La France et ses scandales financiers au début du XXe siècle
Le début du XXᵉ siècle en France est marqué par une série de scandales politico-financiers qui ébranlent la République et révèlent les failles du système. L’affaire de Panama, éclatant en 1892, est l’un des premiers grands scandales de cette époque. Des milliers de Français sont ruinés après avoir investi dans des actions pour le projet de canal de Panama, manipulées par des politiciens et des financiers corrompus. Ce scandale met en lumière la collusion entre le monde politique et les milieux d’affaires, un thème qui sera récurrent dans les décennies suivantes.
L’affaire Dreyfus, bien qu’elle soit d’abord une affaire judiciaire et politique, révèle également des tensions sociales et un antisémitisme latent, exacerbant les divisions au sein de la société française. Elle montre comment la manipulation de l’opinion publique et les erreurs judiciaires peuvent entraîner des crises profondes.
Au cours des années 1920, l’affaire Marthe Hanau vient s’ajouter à la liste des scandales financiers. Hanau, en tant que directrice de journaux financiers, monte un système de Ponzi qui ruine des milliers d’épargnants. Son arrestation en 1928 et son suicide en 1935 marquent une nouvelle étape dans la méfiance du public envers les institutions financières.
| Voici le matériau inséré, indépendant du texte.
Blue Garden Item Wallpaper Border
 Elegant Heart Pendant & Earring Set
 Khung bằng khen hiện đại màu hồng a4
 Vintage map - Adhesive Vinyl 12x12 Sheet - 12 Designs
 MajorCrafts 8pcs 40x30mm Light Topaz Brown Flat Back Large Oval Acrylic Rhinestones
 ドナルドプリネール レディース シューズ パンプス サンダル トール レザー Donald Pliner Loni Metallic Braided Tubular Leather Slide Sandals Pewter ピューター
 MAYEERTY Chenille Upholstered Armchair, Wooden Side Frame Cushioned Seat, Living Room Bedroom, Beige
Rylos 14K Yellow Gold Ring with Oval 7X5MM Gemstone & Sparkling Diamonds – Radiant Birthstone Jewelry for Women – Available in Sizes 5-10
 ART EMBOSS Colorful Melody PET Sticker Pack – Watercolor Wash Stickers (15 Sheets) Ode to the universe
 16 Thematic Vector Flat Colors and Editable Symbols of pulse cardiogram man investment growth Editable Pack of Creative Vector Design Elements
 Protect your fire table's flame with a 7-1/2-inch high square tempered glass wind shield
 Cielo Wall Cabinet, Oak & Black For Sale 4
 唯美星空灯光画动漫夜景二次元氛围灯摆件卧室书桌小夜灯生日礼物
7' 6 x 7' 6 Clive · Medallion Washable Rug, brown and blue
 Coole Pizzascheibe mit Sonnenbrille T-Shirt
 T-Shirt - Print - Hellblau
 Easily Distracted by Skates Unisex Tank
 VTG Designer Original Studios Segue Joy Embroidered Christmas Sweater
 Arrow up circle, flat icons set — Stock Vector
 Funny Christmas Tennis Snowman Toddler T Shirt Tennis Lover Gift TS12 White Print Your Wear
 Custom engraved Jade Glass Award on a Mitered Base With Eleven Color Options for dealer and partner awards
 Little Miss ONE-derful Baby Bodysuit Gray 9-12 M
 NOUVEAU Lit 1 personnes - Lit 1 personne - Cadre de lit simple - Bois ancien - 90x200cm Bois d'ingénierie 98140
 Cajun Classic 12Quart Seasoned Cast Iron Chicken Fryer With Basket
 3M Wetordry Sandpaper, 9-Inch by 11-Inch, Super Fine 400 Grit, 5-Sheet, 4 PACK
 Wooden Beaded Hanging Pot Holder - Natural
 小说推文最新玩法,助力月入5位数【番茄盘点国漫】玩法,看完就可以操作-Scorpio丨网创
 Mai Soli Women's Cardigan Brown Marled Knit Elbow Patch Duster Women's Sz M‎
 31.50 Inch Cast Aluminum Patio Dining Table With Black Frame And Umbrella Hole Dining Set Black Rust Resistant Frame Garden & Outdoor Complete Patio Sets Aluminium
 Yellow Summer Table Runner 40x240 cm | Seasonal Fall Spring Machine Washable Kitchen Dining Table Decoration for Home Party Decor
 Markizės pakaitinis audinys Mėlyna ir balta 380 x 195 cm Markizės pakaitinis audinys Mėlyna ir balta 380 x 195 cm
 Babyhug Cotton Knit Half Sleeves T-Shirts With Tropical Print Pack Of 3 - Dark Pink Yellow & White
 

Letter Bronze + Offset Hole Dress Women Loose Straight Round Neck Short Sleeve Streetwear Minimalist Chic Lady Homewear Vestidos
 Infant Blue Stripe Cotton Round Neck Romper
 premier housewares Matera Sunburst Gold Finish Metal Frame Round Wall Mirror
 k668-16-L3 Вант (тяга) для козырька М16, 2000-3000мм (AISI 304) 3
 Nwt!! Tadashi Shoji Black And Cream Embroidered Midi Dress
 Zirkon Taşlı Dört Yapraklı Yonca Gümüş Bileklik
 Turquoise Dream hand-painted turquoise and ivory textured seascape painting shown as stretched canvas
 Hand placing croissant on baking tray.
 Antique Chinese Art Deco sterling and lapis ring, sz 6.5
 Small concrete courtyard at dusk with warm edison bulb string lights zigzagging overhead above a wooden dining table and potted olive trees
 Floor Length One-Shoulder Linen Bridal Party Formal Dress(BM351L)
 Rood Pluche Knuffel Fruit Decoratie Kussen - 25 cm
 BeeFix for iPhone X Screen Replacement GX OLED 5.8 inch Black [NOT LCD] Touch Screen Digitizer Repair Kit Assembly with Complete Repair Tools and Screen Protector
C’est dans ce contexte de méfiance et de tensions que l’affaire Stavisky émerge, alimentée par une économie en difficulté après le krach de 1929 et un climat politique instable.
Le personnage Stavisky
Né le 20 novembre 1886 à Slobodka, dans l’Empire russe (aujourd’hui en Ukraine), Alexandre Stavisky émigre en France avec sa famille en 1898. Ses parents, des juifs d’origine modeste, s’installent à Paris où son père, chirurgien-dentiste, tente de reconstruire une vie dans un contexte difficile. Naturalisé en 1910, Stavisky grandit dans un environnement relativement modeste, mais développe très tôt un goût pour le luxe et les affaires douteuses.
Après avoir quitté l’école sans diplôme, Stavisky commence à s’impliquer dans des escroqueries mineures. Il se fait rapidement un nom dans les milieux mondains parisiens grâce à son charisme et son audace. Ses premières escroqueries impliquent la création de sociétés fictives, le détournement de fonds et la manipulation d’investisseurs crédules.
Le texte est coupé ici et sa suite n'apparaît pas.